◆ **EXERCISE OBJECTIVE**: Restate each line below word for word, skipping every picture.

◆ **RAW DATA**:
↓↓↓

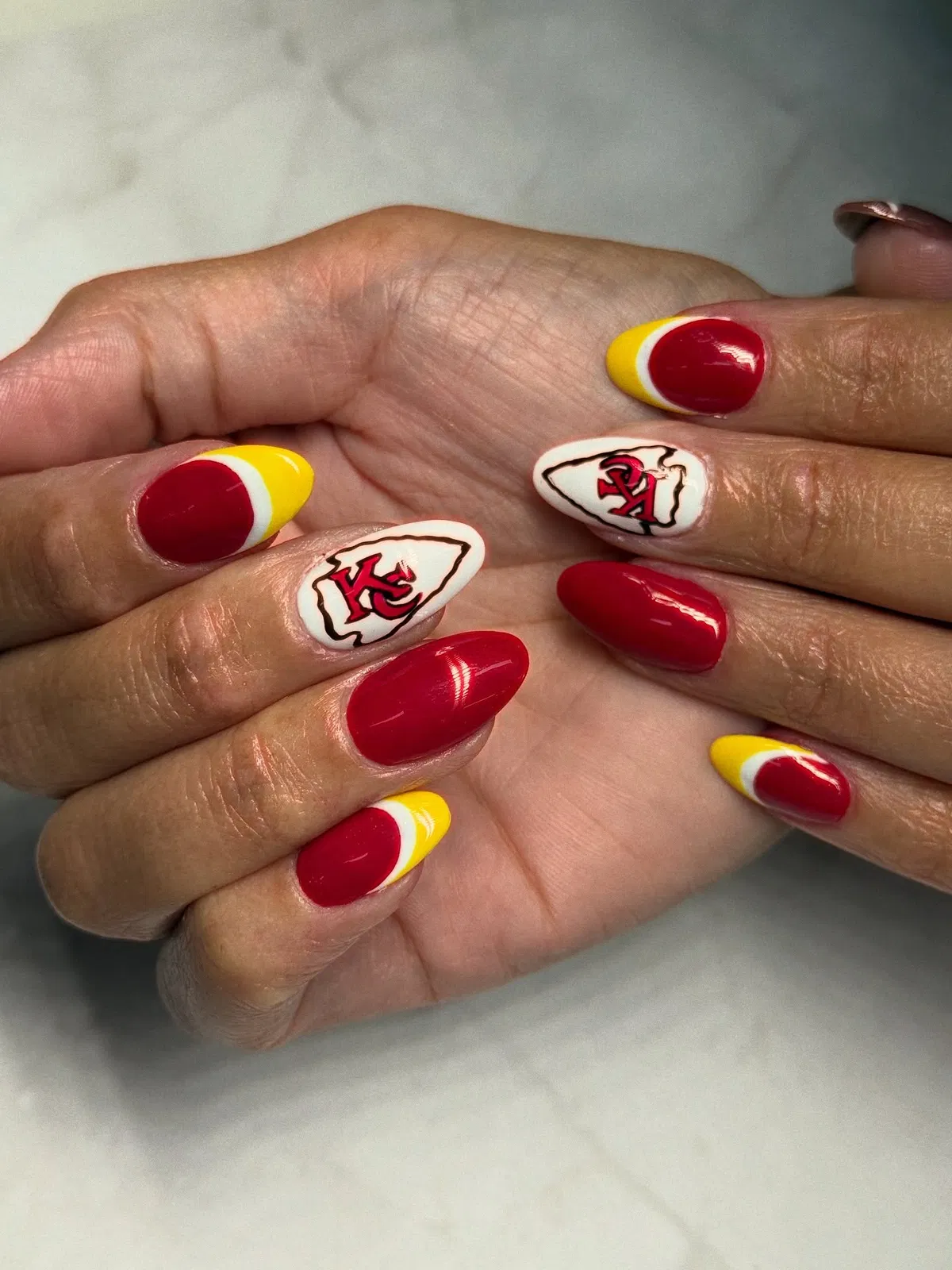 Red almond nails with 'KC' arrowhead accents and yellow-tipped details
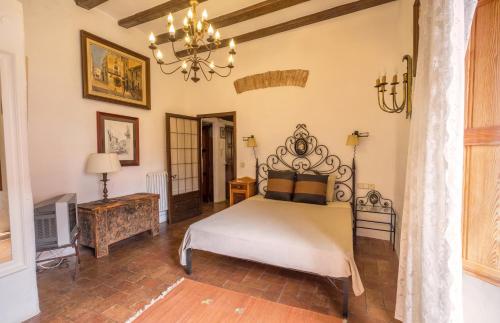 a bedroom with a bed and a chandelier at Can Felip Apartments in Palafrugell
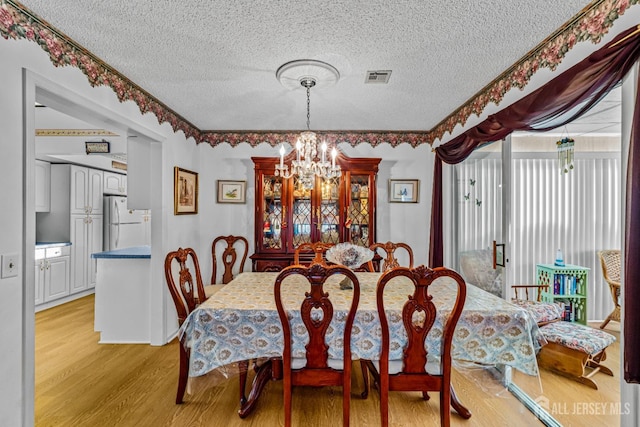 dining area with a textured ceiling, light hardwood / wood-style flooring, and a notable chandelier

↑↑↑

◆ **RESPONSE AREA**:
 Red almond nails with 'KC' arrowhead accents and yellow-tipped details
 a bedroom with a bed and a chandelier at Can Felip Apartments in Palafrugell
 dining area with a textured ceiling, light hardwood / wood-style flooring, and a notable chandelier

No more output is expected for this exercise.